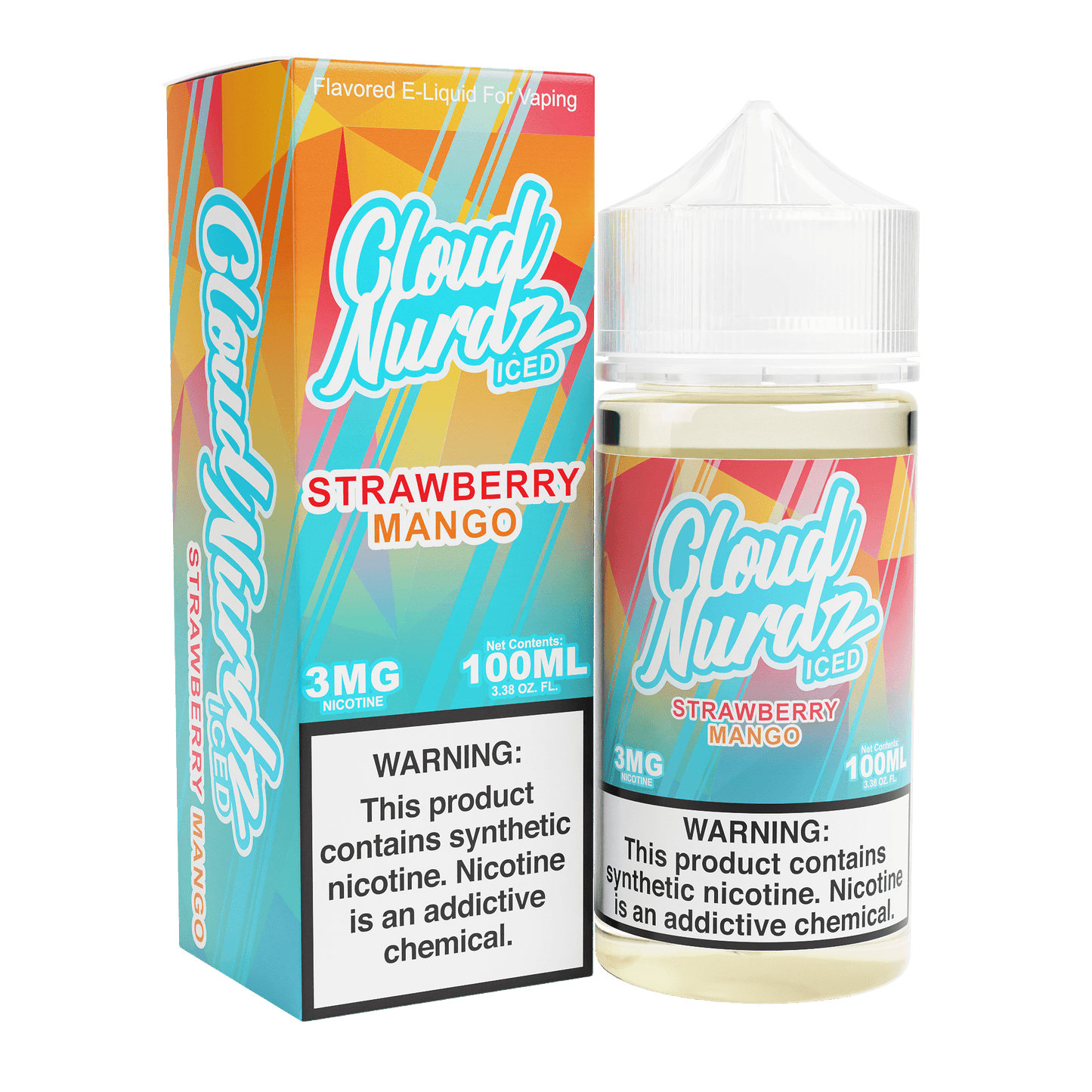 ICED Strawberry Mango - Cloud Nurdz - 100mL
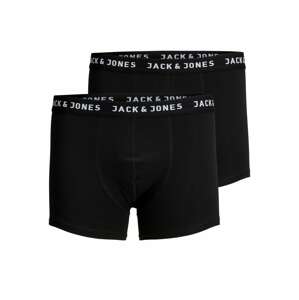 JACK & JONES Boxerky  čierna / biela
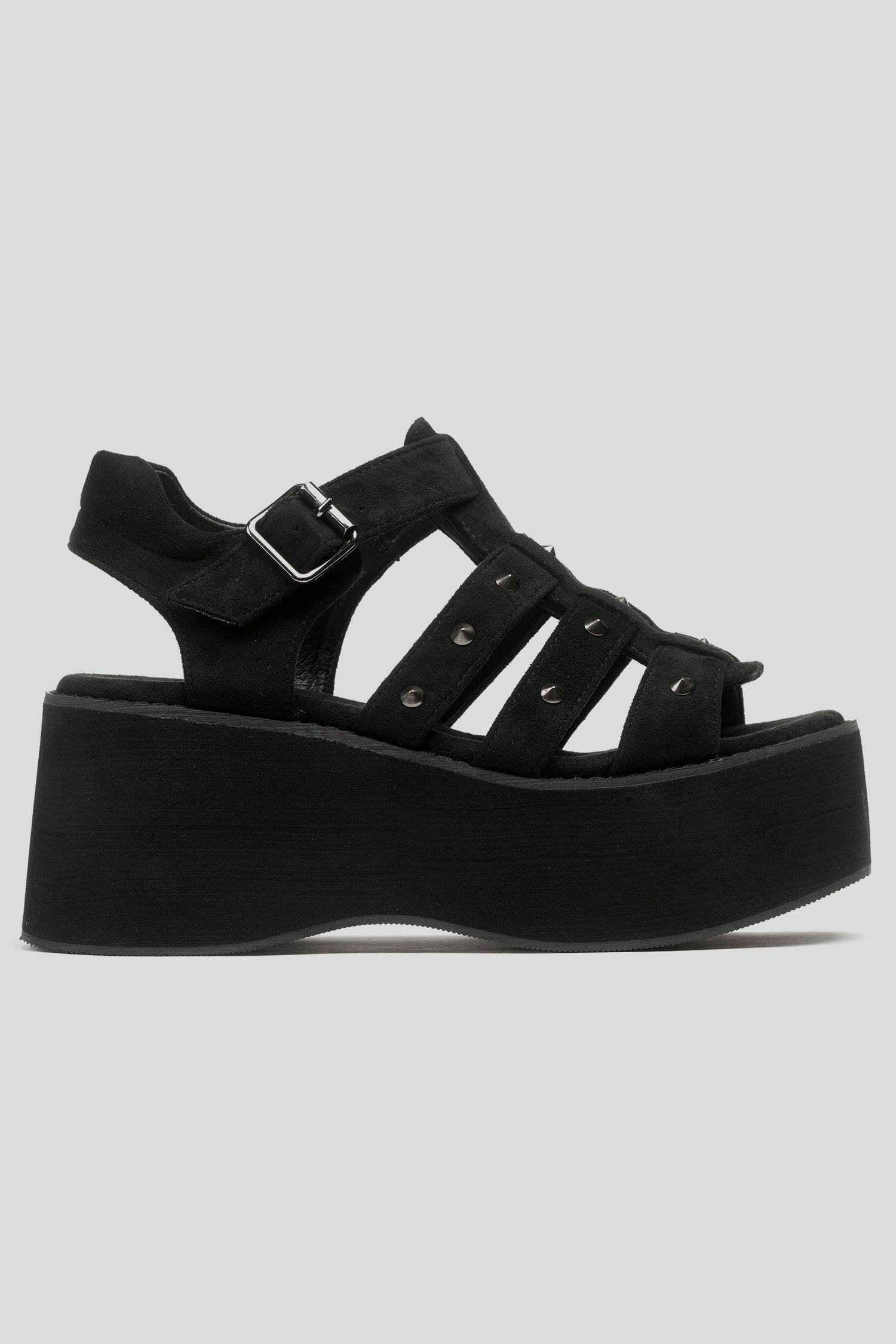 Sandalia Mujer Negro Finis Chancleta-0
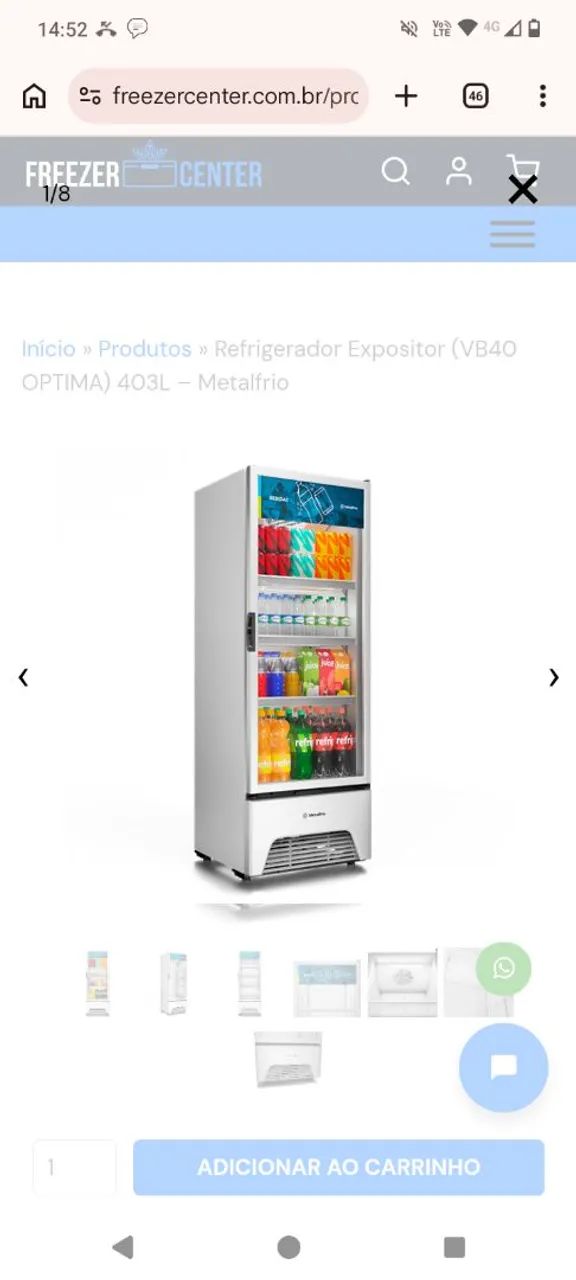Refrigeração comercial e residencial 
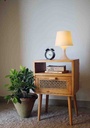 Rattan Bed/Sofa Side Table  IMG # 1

*****

__Instructions to follow__
The records above need to be copied exactly, though not their pictures.

__Output of the exercise__
 ICED Strawberry Mango - Cloud Nurdz - 100mL
 JACK & JONES Boxerky  čierna / biela
 Sandalia Mujer Negro Finis Chancleta-0
Refrigeração comercial e residencial 
 Rattan Bed/Sofa Side Table  IMG # 1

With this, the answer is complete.